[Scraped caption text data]
• • • •

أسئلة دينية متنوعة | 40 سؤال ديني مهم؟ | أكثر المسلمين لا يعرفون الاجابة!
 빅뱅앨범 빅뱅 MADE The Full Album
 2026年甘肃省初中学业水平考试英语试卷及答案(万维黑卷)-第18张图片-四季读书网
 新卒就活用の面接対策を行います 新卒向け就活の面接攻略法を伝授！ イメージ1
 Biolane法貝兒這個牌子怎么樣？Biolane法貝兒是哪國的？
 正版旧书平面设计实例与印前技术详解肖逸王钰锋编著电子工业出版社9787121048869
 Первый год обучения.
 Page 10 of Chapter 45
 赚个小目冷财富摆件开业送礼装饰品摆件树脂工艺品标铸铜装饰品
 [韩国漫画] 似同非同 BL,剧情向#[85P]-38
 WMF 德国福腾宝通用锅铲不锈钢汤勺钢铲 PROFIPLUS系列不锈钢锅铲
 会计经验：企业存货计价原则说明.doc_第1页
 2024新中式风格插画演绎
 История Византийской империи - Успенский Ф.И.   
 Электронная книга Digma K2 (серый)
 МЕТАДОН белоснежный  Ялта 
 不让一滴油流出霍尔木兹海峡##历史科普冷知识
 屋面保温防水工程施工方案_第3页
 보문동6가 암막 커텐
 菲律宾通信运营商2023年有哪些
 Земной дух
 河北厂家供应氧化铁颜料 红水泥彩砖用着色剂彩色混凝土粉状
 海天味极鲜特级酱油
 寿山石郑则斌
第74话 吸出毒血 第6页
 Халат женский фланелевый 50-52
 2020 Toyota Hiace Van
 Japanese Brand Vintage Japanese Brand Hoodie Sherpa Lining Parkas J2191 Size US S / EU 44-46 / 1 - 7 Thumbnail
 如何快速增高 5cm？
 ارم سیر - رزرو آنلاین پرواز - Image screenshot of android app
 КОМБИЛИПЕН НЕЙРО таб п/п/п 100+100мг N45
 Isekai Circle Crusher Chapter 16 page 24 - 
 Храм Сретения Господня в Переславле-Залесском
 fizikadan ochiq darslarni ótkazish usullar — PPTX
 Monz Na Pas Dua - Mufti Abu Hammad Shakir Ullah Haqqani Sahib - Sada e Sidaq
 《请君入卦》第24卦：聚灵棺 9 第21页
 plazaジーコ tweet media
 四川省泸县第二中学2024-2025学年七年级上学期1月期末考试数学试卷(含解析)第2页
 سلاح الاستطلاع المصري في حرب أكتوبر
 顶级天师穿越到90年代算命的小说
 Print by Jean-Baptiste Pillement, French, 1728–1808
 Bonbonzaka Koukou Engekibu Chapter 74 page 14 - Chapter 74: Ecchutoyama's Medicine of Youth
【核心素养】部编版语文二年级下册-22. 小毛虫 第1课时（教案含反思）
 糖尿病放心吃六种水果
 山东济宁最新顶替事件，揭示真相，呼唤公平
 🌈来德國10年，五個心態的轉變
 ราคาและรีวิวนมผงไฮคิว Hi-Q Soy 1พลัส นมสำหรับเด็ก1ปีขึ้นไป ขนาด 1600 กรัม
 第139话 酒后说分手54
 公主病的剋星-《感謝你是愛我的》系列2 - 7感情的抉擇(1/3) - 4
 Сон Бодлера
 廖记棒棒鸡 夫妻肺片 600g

• • • •

What needs to be done
Up to and including the line with "公主病的剋星-《感謝你是愛我的》系列2 - 7感情的抉擇(1/3) - 4", print every line of the records from the start.

Exercise output
أسئلة دينية متنوعة | 40 سؤال ديني مهم؟ | أكثر المسلمين لا يعرفون الاجابة!
 빅뱅앨범 빅뱅 MADE The Full Album
 2026年甘肃省初中学业水平考试英语试卷及答案(万维黑卷)-第18张图片-四季读书网
 新卒就活用の面接対策を行います 新卒向け就活の面接攻略法を伝授！ イメージ1
 Biolane法貝兒這個牌子怎么樣？Biolane法貝兒是哪國的？
 正版旧书平面设计实例与印前技术详解肖逸王钰锋编著电子工业出版社9787121048869
 Первый год обучения.
 Page 10 of Chapter 45
 赚个小目冷财富摆件开业送礼装饰品摆件树脂工艺品标铸铜装饰品
 [韩国漫画] 似同非同 BL,剧情向#[85P]-38
 WMF 德国福腾宝通用锅铲不锈钢汤勺钢铲 PROFIPLUS系列不锈钢锅铲
 会计经验：企业存货计价原则说明.doc_第1页
 2024新中式风格插画演绎
 История Византийской империи - Успенский Ф.И.   
 Электронная книга Digma K2 (серый)
 МЕТАДОН белоснежный  Ялта 
 不让一滴油流出霍尔木兹海峡##历史科普冷知识
 屋面保温防水工程施工方案_第3页
 보문동6가 암막 커텐
 菲律宾通信运营商2023年有哪些
 Земной дух
 河北厂家供应氧化铁颜料 红水泥彩砖用着色剂彩色混凝土粉状
 海天味极鲜特级酱油
 寿山石郑则斌
第74话 吸出毒血 第6页
 Халат женский фланелевый 50-52
 2020 Toyota Hiace Van
 Japanese Brand Vintage Japanese Brand Hoodie Sherpa Lining Parkas J2191 Size US S / EU 44-46 / 1 - 7 Thumbnail
 如何快速增高 5cm？
 ارم سیر - رزرو آنلاین پرواز - Image screenshot of android app
 КОМБИЛИПЕН НЕЙРО таб п/п/п 100+100мг N45
 Isekai Circle Crusher Chapter 16 page 24 - 
 Храм Сретения Господня в Переславле-Залесском
 fizikadan ochiq darslarni ótkazish usullar — PPTX
 Monz Na Pas Dua - Mufti Abu Hammad Shakir Ullah Haqqani Sahib - Sada e Sidaq
 《请君入卦》第24卦：聚灵棺 9 第21页
 plazaジーコ tweet media
 四川省泸县第二中学2024-2025学年七年级上学期1月期末考试数学试卷(含解析)第2页
 سلاح الاستطلاع المصري في حرب أكتوبر
 顶级天师穿越到90年代算命的小说
 Print by Jean-Baptiste Pillement, French, 1728–1808
 Bonbonzaka Koukou Engekibu Chapter 74 page 14 - Chapter 74: Ecchutoyama's Medicine of Youth
【核心素养】部编版语文二年级下册-22. 小毛虫 第1课时（教案含反思）
 糖尿病放心吃六种水果
 山东济宁最新顶替事件，揭示真相，呼唤公平
 🌈来德國10年，五個心態的轉變
 ราคาและรีวิวนมผงไฮคิว Hi-Q Soy 1พลัส นมสำหรับเด็ก1ปีขึ้นไป ขนาด 1600 กรัม
 第139话 酒后说分手54
 公主病的剋星-《感謝你是愛我的》系列2 - 7感情的抉擇(1/3) - 4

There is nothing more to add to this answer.